I find it very upsetting that in the last opinion poll I saw, the financial intermediaries had fallen nearly as low as politicians in terms of their public reputation—we can live with that because in some sense we do not matter. This is enormously important and I implore the Minister to listen to what his noble friend Lord Lucas said. We have a chance here to make a contribution to improve and, indeed, eventually save the reputation of a vitally important industry. This Bill simply does not do that, but it could. That is why I call it a wasted opportunity.
My Lords, we are in Committee and discussing a very specific amendment. I therefore make absolutely no apology to the noble Lord, Lord Peston, who raises extremely important Second Reading-type debating points.
I will not give away again to the noble Lord for a minute, if he will forgive me. We are discussing a very specific amendment. I have explained why I believe it is defective. The sentiment underlying that is completely shared by the Government: we do not believe it is necessary. The noble Lord raised matters which, although somewhat different, are also related to the capabilities of consumers. I have attempted to address a very serious point by pointing out that his concern will be at the heart, right at the centre, of the new regulatory body’s objective and thinking.
When it comes to his new point, which is not the one I was addressing before, about the standing of the industry, again, I completely agree with him. However, we are now talking about a regulatory structure. The Joint Committee of both Houses has been set up and will look very quickly at some of the wider questions of integrity and standards in the industry. This morning, I am trying to focus on the specific matter of this amendment.
My Lords, I find it almost impossible to cope with the way in which the Committee stage of this Bill has been handled. It is completely different to any other Bill which I have taken part in. My point was not a Second Reading point. It was germane to this specific amendment, to what lies behind it, and to the philosophy of it. The Minister’s absolute refusal to even say, “Some good points have been made and I would like to go away and think about them some more”, is what annoys me about this Committee.
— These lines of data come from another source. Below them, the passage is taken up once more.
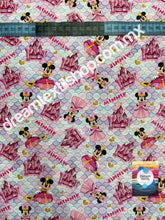 Cargar imagen en el visor de la galería, Microfibra Stretch Antifluidos Minnie princesa castillo
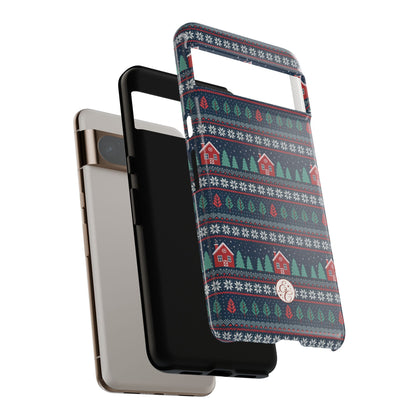 Winter Cottage Pattern Tough Phone Case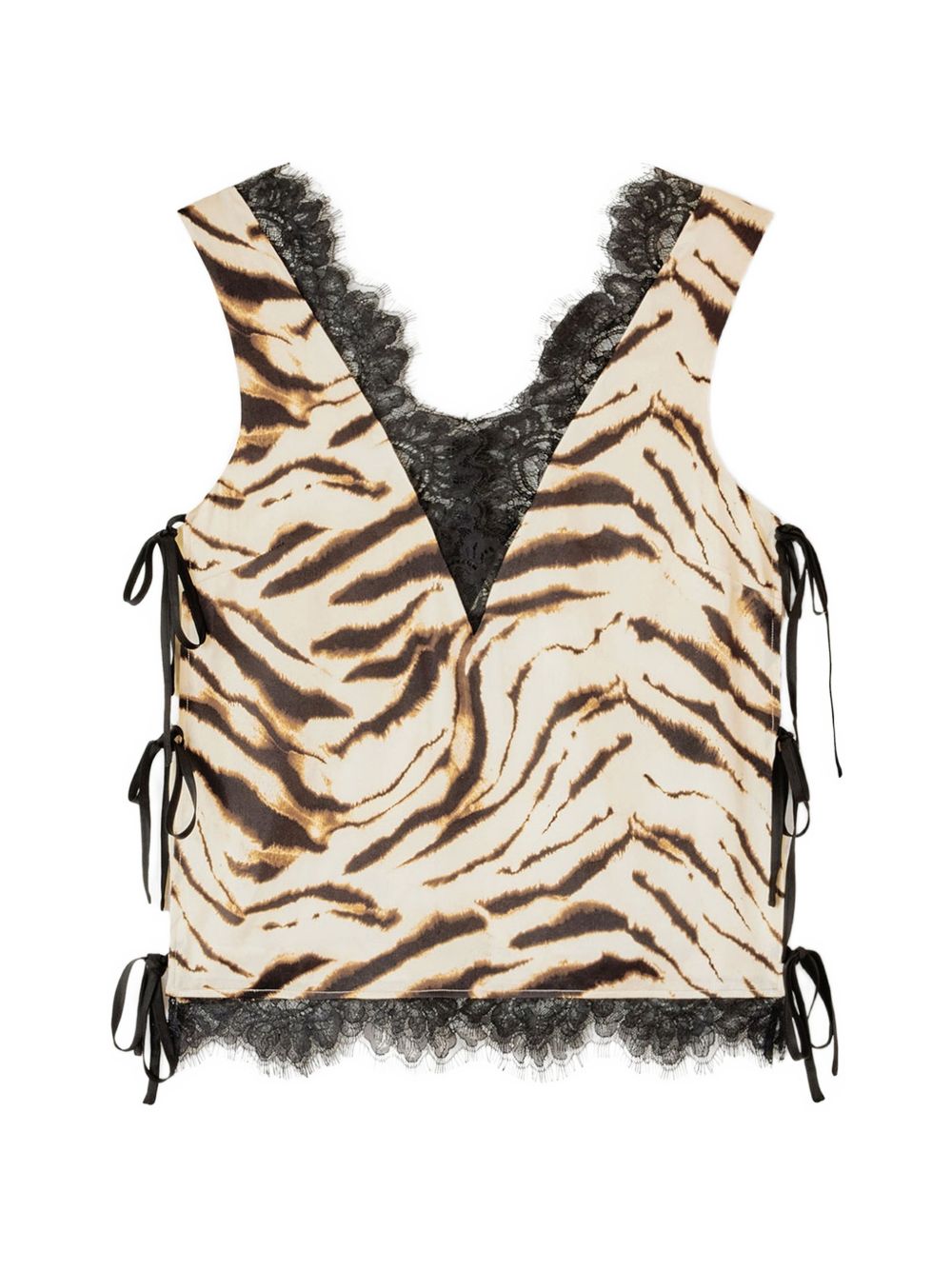 ZEVRA PRINT V-NECKED TOP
My experience with the Ministers that I have usually dealt is that when a good point has been made, they always say, “I will go away and think about it some more”, without making any promises. However, the noble Lord, Lord Sassoon, never says anything like that. I have not heard him once in five days suggest that there is anything wrong with this Bill, or that he would like to think again. There comes a point when one has to say that, in order that people know that their Lordships have rather high standards.
Does the noble Lord, Lord Peston, agree that the Government came forward with a package of very substantial amendments that have already been discussed in Committee? I refer the noble Lord to the number of government amendments that have already been laid and debated, and to the number of times in Committee when I have indeed said that I will look at things or have made concessions. I do not accept for one minute his statement about the attitude with which I have come to the Committee.